On July 20, after a weekend that saw 21 shootings and 23 victims in the city, Shea appealed for patience but insisted the department he leads could slow the violence.

He sounded a similarly cautious, but optimistic tone Monday while acknowledging the hurdles due to the ongoing ripple effects of the COVID-19 pandemic, including limited access to courts and the inability to sit grand juries.

“It is a challenge but we will get our arms around it,” Shea said. “There are a lot of resources out there. [Cops] are focused on keeping New Yorkers safe.”

In a separate interview with Newsday, NYPD Chief Michael LiPetri, who heads the office of crime control strategies, said much gun violence involves gang crews, despite NYPD and city efforts to mobilize the communities to stop the shootings.

“Specifically in Brooklyn right now, we are really struggling in some areas, seeing a sharp increase in East New York, Brownsville,” LiPetri said of the spike in gang-related shootings.

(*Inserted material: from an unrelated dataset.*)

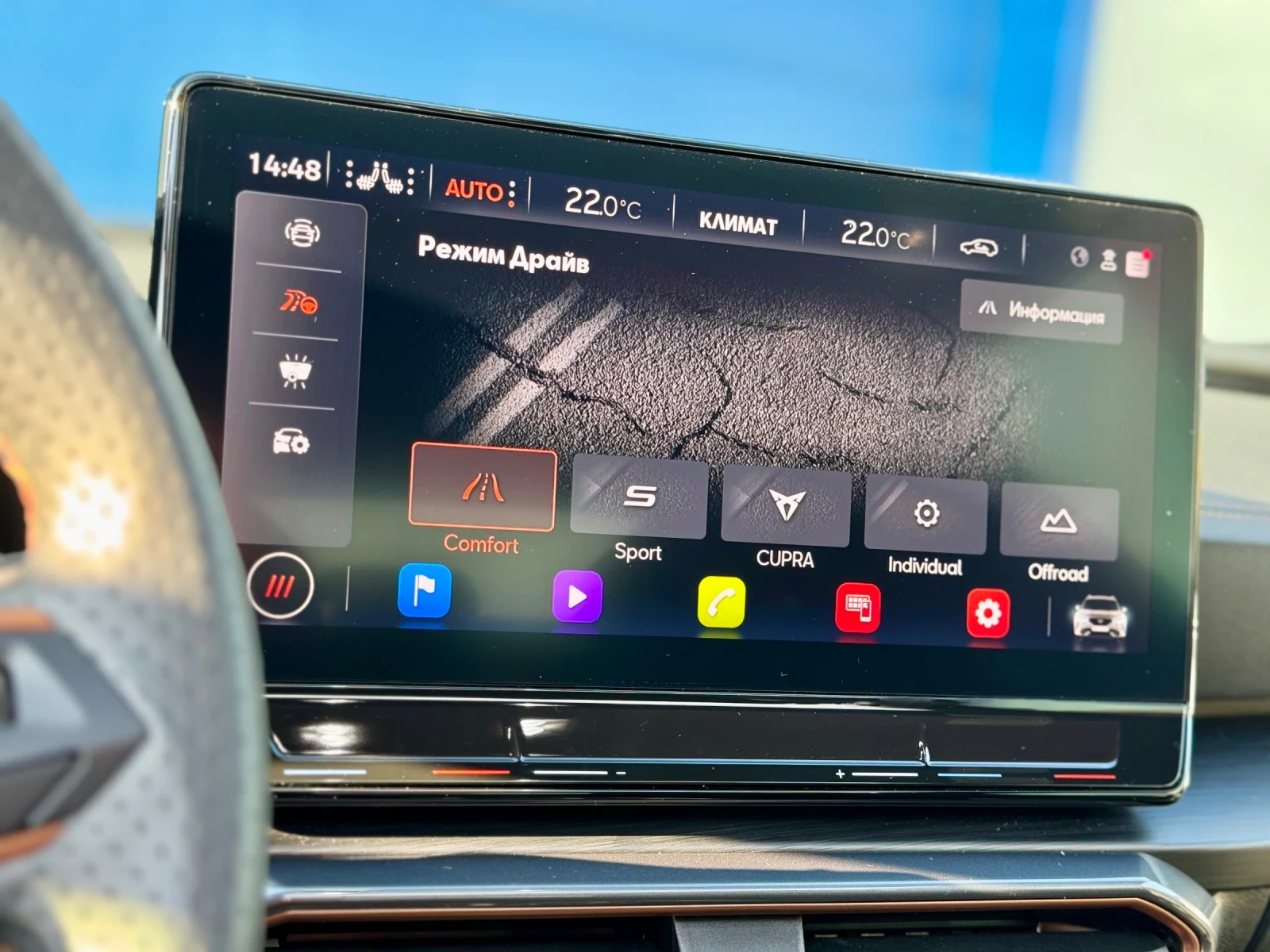 Cupra Formentor VZ 310hp. 1-  * 2024.*  | Mobile.bg   12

Gang crew members carrying illegal guns are not afraid to use them, the chief said. Like the police commissioner, LiPetri said the pandemic has played a role in the resurgence violence; a lack of sitting grand juries in the city has contributed to a backlog of 1,100 open but unindicted gun cases, with some defendants now held in jail following a preliminary hearing.

Defendants are out on the street on their own recognizance in about 40% of the open gun cases, LiPretri said, an indication that gang members see little risk of facing jail on a weapons charge.

LiPetri said officers are also finding a lack of cooperation and obstruction when they try to police large gatherings where guns may be present. While local community groups and cops work together before such gatherings, when problems erupt, NYPD officers can’t do the simple task of asking questions.

“You can’t ask a question any more without being verbally abused,” LiPetri said.